Review the considerations and requirements for deploying a custom foundation model for inferencing with watsonx.ai.

As you prepare to deploy a custom foundation model, review these requirements:

Consider the type of model that you are deploying. Tasks differ slightly depending on whether you are downloading a model from a public repository like Hugging Face or a model located in your environment. For each deployment task, follow the steps for your scenario.
Review the Role requirements for the tasks that are associated with deploying a custom foundation model.
Review the supported architectures for custom foundation models to make sure that your model is compatible.
Review whether or not your model requires a custom hardware specification. See Hardware requirements for custom foundation models.
Verify the list of modalities (text, audio, video, and image) that can be used when inferencing your model.

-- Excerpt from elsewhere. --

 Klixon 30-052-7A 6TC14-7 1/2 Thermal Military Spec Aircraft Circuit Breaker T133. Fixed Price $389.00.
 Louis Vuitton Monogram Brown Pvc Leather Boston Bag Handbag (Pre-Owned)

Role requirements for the tasks that are associated with deploying a custom foundation model

The system administrator must perform the following tasks:

Building a custom inference runtime image (if required)
Setting up storage.
Uploading the model.
Registering the model with watsonx.ai.

Requirements and usage notes for custom foundation models

Deployable custom models must meet these requirements:

The file list for the model must contain a config.json file. The config.json is required to load the model in the inferencing runtime. Deployment service will mandate for existence of the file config.json in the foundation model content folder after it is uploaded to storage. See Planning to deploy a custom foundation model for steps on how to check for the file.
General-purpose models: the model must be in a safetensors format with the supported transformers library. If the model is not in safetensors format but is otherwise compatible, a conversion utility will make necessary changes as part of the model preparation process.
General-purpose models: the file list for the model must contain a tokenizer.json file. If your model directory does not contain this file, you can still try deploying the model, but you must manually override settings on your cluster. For
Time-series models: the model directory for time-series models, must contain the tsfm_config.json file. Time-series models that are hosted on Hugging Face (model_type: tinytimemixer) may not include this file. If the file is not there when the model is downloaded and deployed, forecasting will fail. To avoid forecasting issues, you'll have to perform an extra step when you download the model.

Note: If your model meets all the requirements, but still fails, see Troubleshooting.

Collecting the prerequisite details for a custom foundation model

As an example, for the falcon-40b model that is stored on Hugging Face, click Files and versions to view the file structure and check for config.json:

viewing repository and checking for config.json file

The example model uses a version of the falcon architecture.

json.config file showing that example model uses a version of the falcon architecture

This example model contains the tokenizer.json file and is in the .safetensors format:

repository directory showing file structure where tokenizer.json that is in the .safetensors format

Hardware requirements for custom foundation models

The standard supported hardware configurations to deploy custom foundation models are:

NVIDIA A100 GPUs with 80 GB RAM
NVIDIA H100 GPUs with 80 GB RAM
NVIDIA H200 GPUs with 141 GB RAM

If your GPU configuration is different (for example NVIDIA H100 GPUs with 40 GB RAM), you must create a custom hardware specification. For details, see Creating custom hardware specifications.

Restriction: You cannot use GPUs that are based on the Intel Gaudi 3 AI Accelerator architecture for custom foundation model deployments.